That would be the University of Maryland. The WaPo:
A federal grand jury in New York investigating corruption in college basketball has requested records from Maryland regarding one unnamed former player, assistant coach Orlando “Bino” Ranson, and Silvio De Sousa, a recruit who ultimately attended Kansas.
Maryland released copies of the subpoenas Friday, along with a statement asserting the university had already sent back all relevant records, and had found no evidence of any violations of NCAA rules or federal laws by any Maryland coaches, employees or players….

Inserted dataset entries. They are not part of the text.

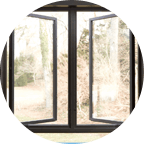 Open dark colored casement windows in Michigan home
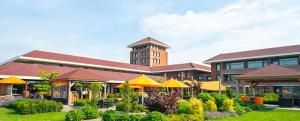 a building with yellow umbrellas in front of it at Hotel van der Valk Wolvega-Heerenveen in Wolvega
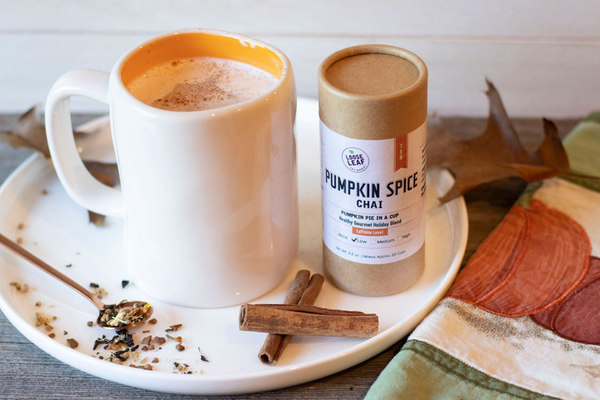 A cup of Pumpkin Spice Chai latte next to a canister of Pumpkin Spice Chai tea.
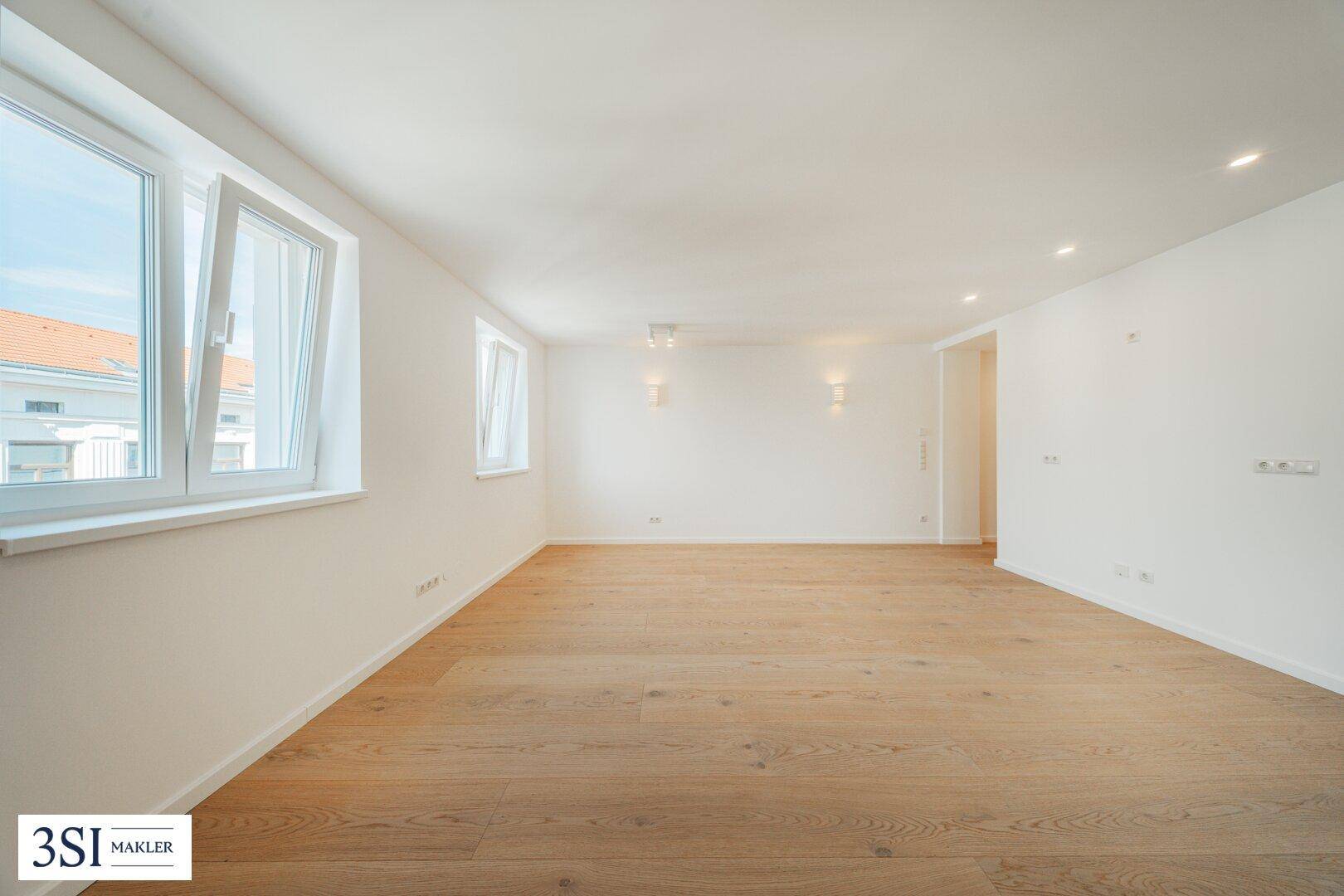 Geräumiger, heller Raum mit Parkettboden und geöffnetem Fenster, bietet viel Tageslicht.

Presumably the feds were investigating Bino and Silvio on charges that they failed to compensate their players for their work hours, i.e. wage theft. Good to hear that UMD has provided the grand jury with evidence that their “student-athletes” were in fact paid.

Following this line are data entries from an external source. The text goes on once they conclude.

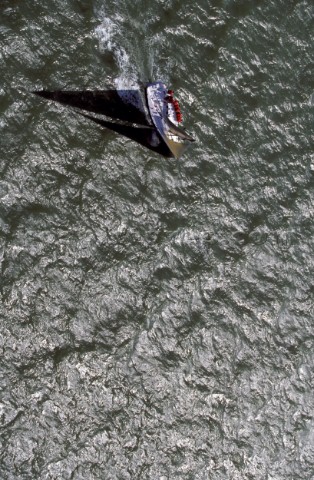 Aerial shot of racing yacht casting shadow over water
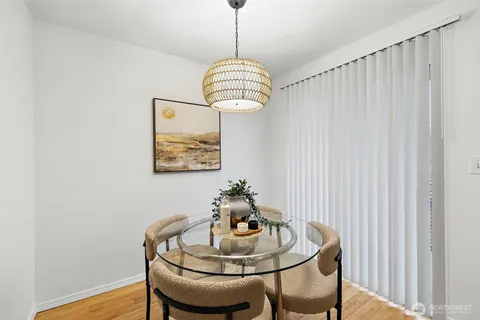 a dining room with furniture and window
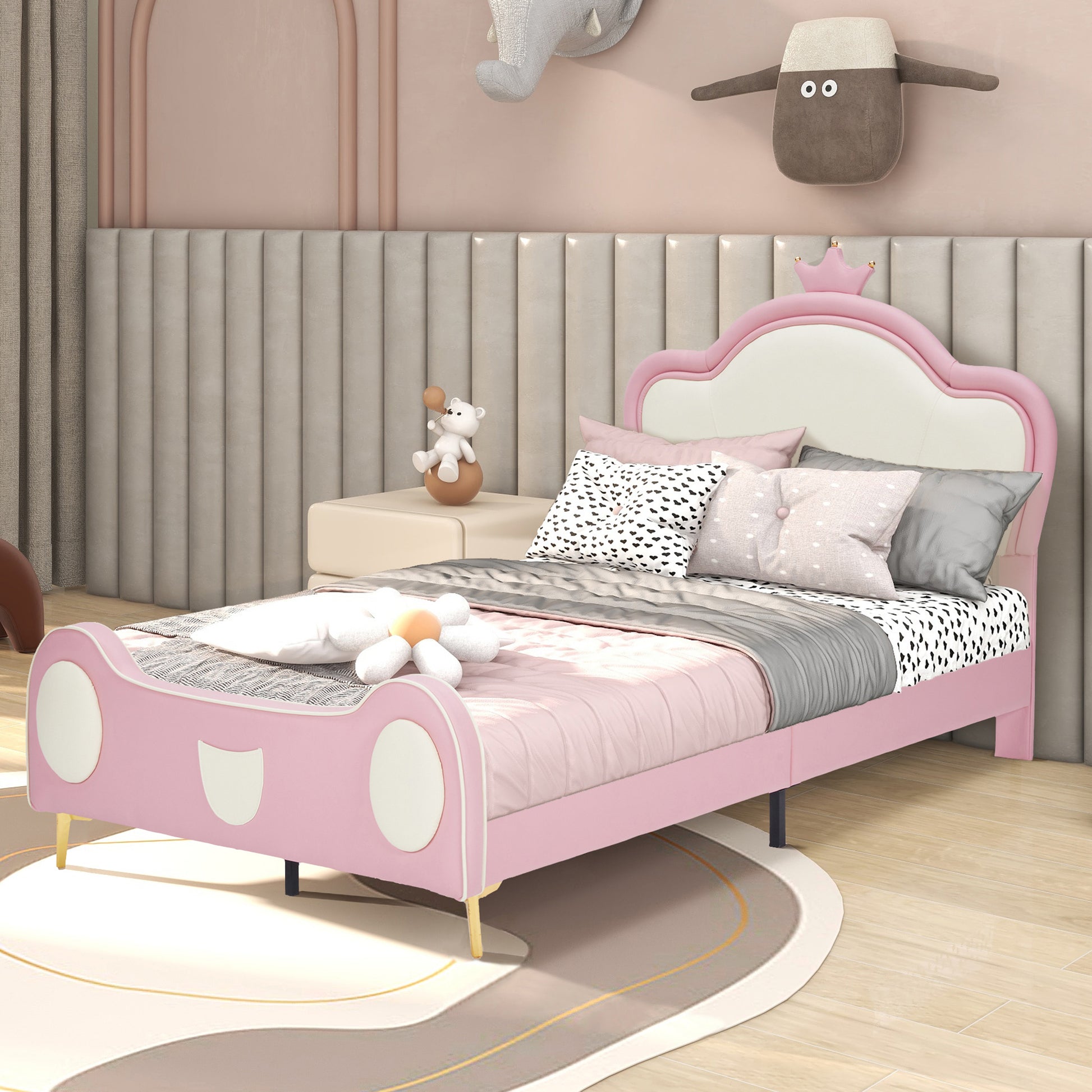Pink upholstered childrens bed with crown headboard and playful accents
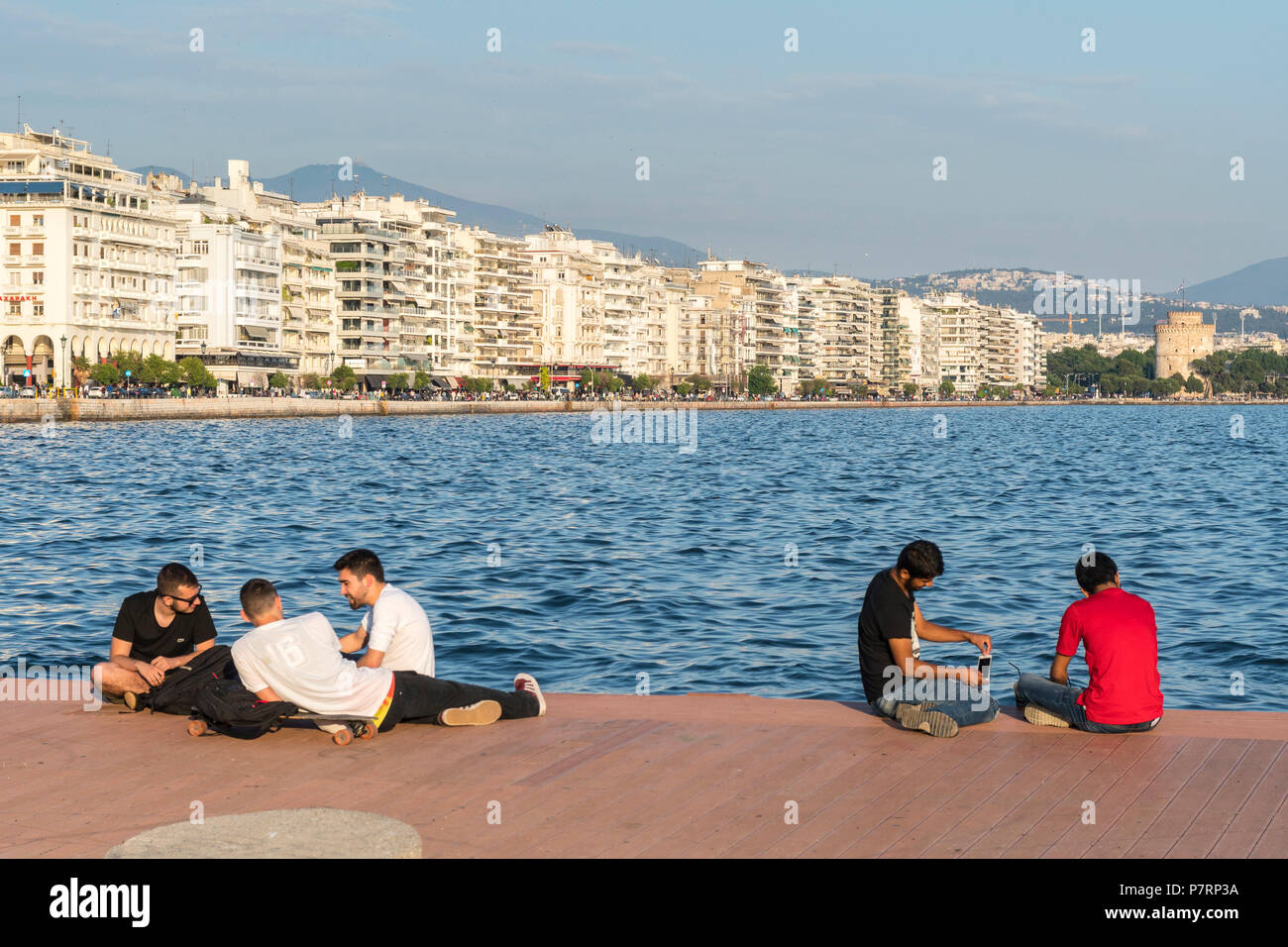 Menschen entspannend auf Thessaloniki Waterfront mit Apartment Blocks auf Nikis Avenue und den Weißen Turm im Hintergrund, Mazedonien, Nordgriechenland Stockfoto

I wonder when UO will release its subpoena? UO GC Kevin Reed’s public records office charged Daily Emerald reporter Michael Tobin $113.64 for copies of any federal subpoenas UO had received (there’s presumably one for the IAAF 2021 Championship bid docs too) and then refused to hand them over, and then refused to give him a refund. Max Thornberry had the story in the EW:
General counsel for the university Kevin Reed, a member of the transparency committee, refused to attend Thursday’s meeting and resigned from the committee before the meeting, telling Harbaugh that his office’s participation in the committee would “present a conflict of interest.”
[In an obvious self-contradiction, Reed then appointed Bryan Derringer, an AGC from Reed’s office as his designee.]
… In addition to stepping down from the committee, Reed expressed concern that Harbaugh’s participation presented a conflict of interest as well. Transcripts of emails between Reed and Harbaugh were posted to the University Senate blog.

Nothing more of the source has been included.